*** Opening Material shown ***

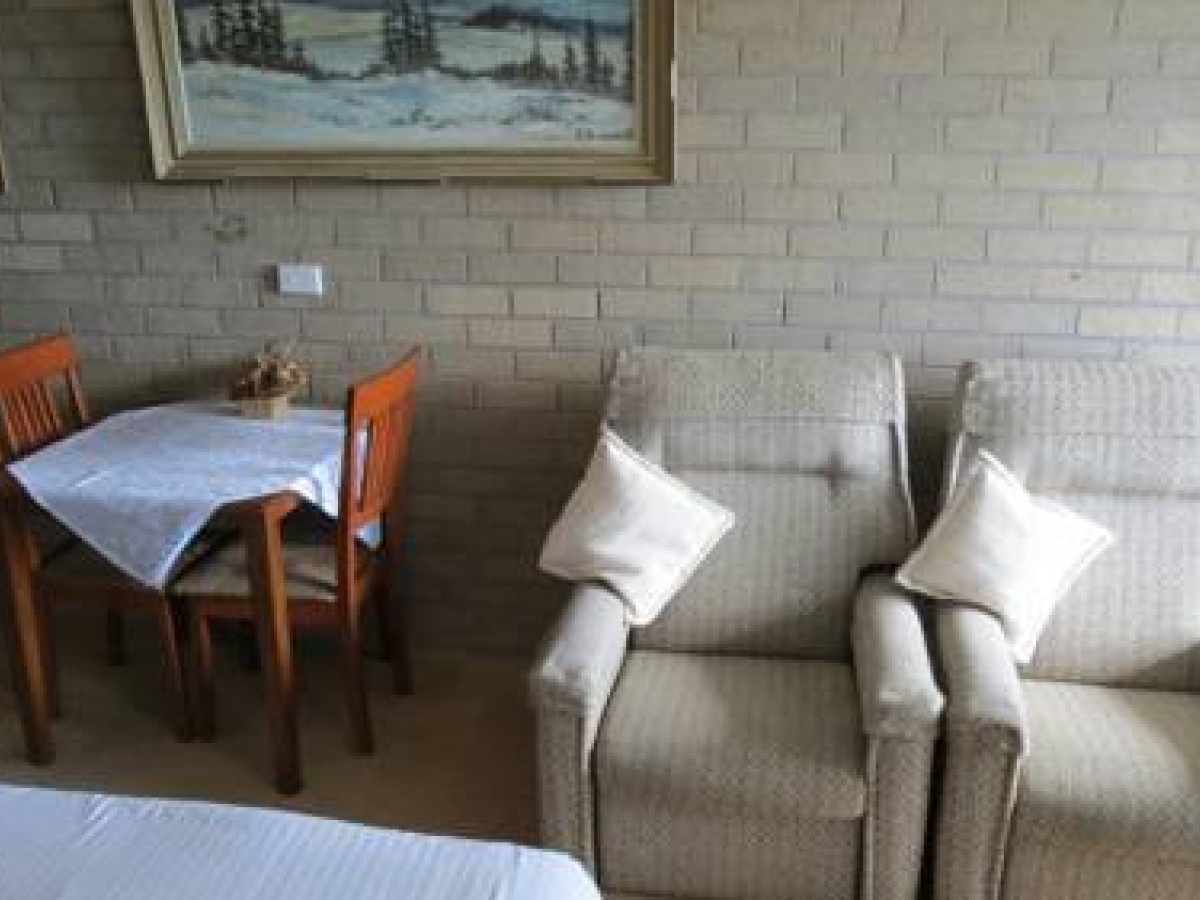 Beachview Motel – Adults Only
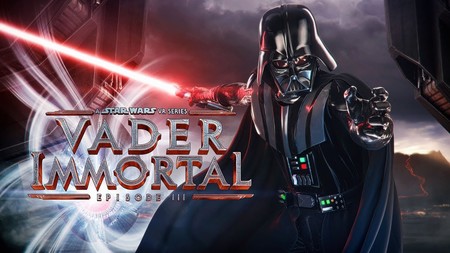 Tras estrenarse en Oculus, Vader Immortal: A Star Wars VR Series se dejará caer también por PS VR en verano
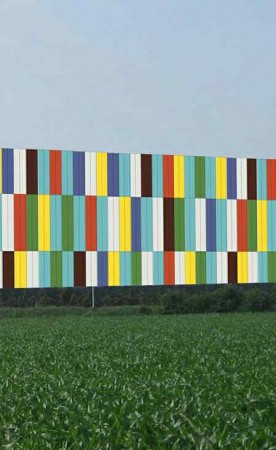 Innocenti Depositi Spa - 2006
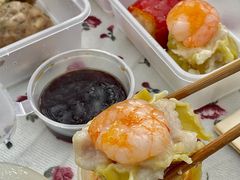 -点都德(龙之梦店)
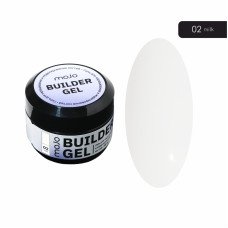 MOJO BUILDER GEL 02 (15 мл)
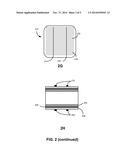 SOLAR CELL WITH METAL GRID FABRICATED BY ELECTROPLATING diagram and image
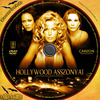 Hollywood asszonyai (atlantis) DVD borító CD1 label Letöltése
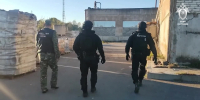 В Ленинградской области завершено расследование уголовного дела о сбыте опасной спиртосодержащей продукции, повлекшем гибель людей - Следственный комитет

*** Closing Material shown ***

■ Exercise
Each line of the records is to be reproduced exactly, and each picture dropped.

■ Written answer
 Beachview Motel – Adults Only
 Tras estrenarse en Oculus, Vader Immortal: A Star Wars VR Series se dejará caer también por PS VR en verano
 Innocenti Depositi Spa - 2006
 -点都德(龙之梦店)
 MOJO BUILDER GEL 02 (15 мл)
 SOLAR CELL WITH METAL GRID FABRICATED BY ELECTROPLATING diagram and image
 Hollywood asszonyai (atlantis) DVD borító CD1 label Letöltése
 В Ленинградской области завершено расследование уголовного дела о сбыте опасной спиртосодержащей продукции, повлекшем гибель людей - Следственный комитет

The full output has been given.